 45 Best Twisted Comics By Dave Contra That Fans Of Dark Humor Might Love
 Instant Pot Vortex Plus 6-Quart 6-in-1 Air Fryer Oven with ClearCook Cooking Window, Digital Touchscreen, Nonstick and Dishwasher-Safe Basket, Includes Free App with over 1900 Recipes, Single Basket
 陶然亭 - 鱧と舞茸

* * * * *

Exercise requirements ::
Exactly the lines from the one containing "Instant Pot Vortex" through the end of the listing above, inclusive, are to be written out, and no others.

Result of this exercise ::
 Instant Pot Vortex Plus 6-Quart 6-in-1 Air Fryer Oven with ClearCook Cooking Window, Digital Touchscreen, Nonstick and Dishwasher-Safe Basket, Includes Free App with over 1900 Recipes, Single Basket
 陶然亭 - 鱧と舞茸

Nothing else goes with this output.